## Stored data
◇ ◇ ◇

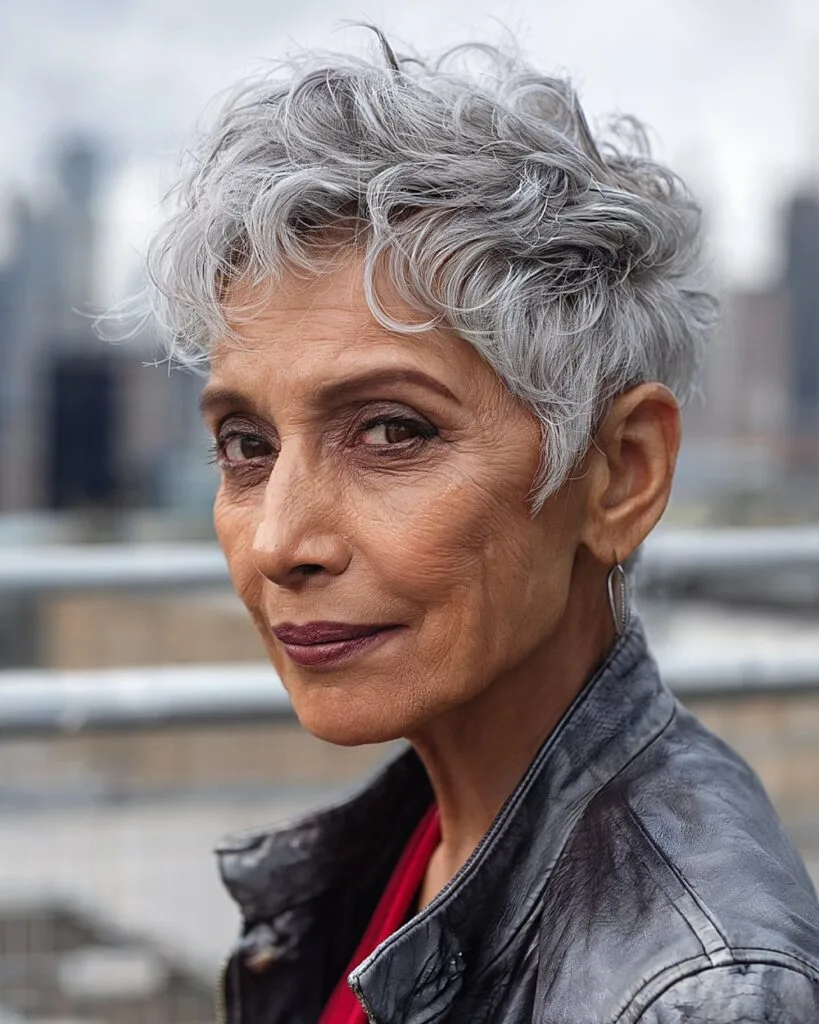 Curly grey pixie cut with tapered sides for edgy style over 60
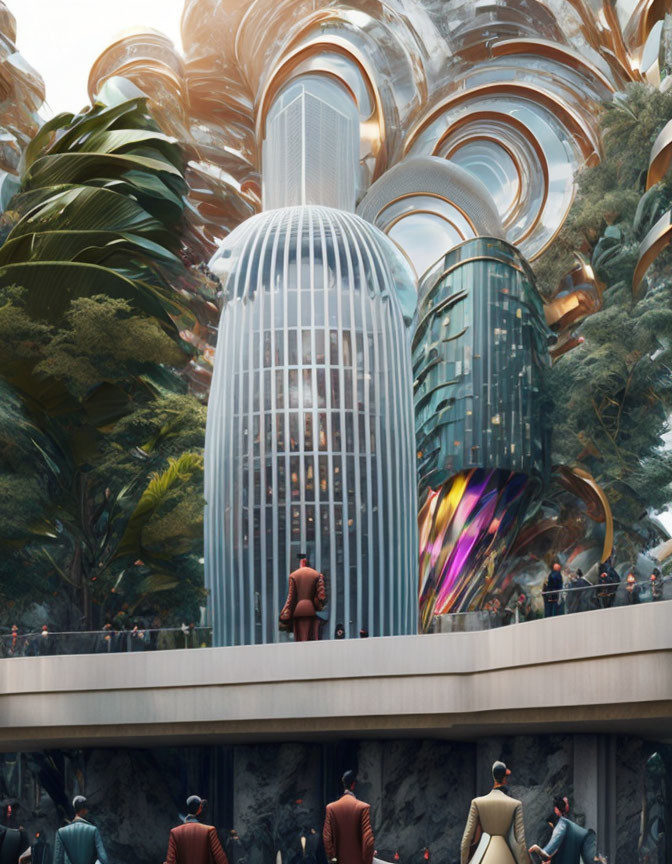 Futuristic cityscape with greenery, sleek buildings, and pedestrians.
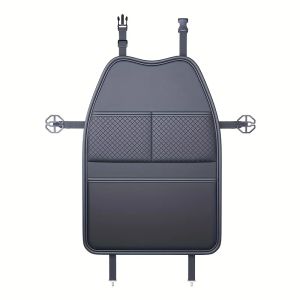 Car Seat Back Anti Kick Mat with Organizer Storage Bag Waterproof Anti-Kick Pad PU Leather Multi-functional Pocket Storage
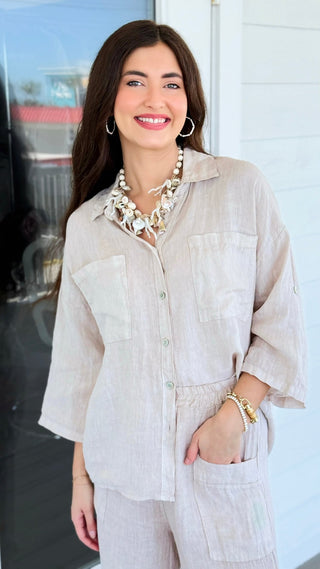 Riviera Days Linen Italian Button Top- Beige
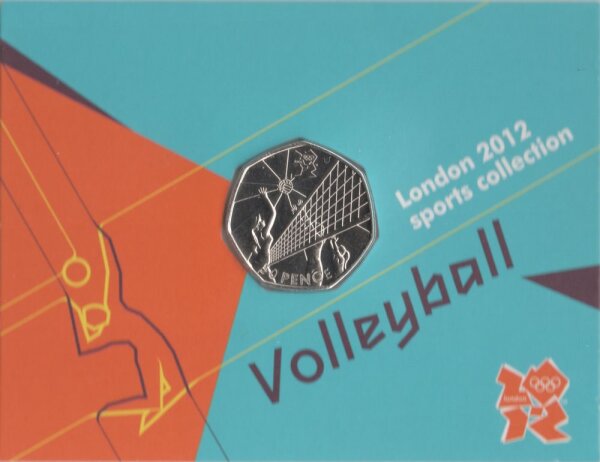 UK 50 Pence 2011 - XXX. Olympische Sommerspiele 2012 in London "Volleyball" - Ku-Ni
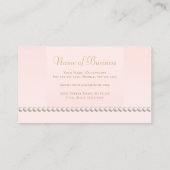 Carte De Visite Conception de bordure perle rose blush (Dos)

◇ ◇ ◇

## Exercise
Your answer must be every record above, word for word, with no pictures.

## Answer to the problem
 Curly grey pixie cut with tapered sides for edgy style over 60
 Futuristic cityscape with greenery, sleek buildings, and pedestrians.
 Car Seat Back Anti Kick Mat with Organizer Storage Bag Waterproof Anti-Kick Pad PU Leather Multi-functional Pocket Storage
 Riviera Days Linen Italian Button Top- Beige
 UK 50 Pence 2011 - XXX. Olympische Sommerspiele 2012 in London "Volleyball" - Ku-Ni
 Carte De Visite Conception de bordure perle rose blush (Dos)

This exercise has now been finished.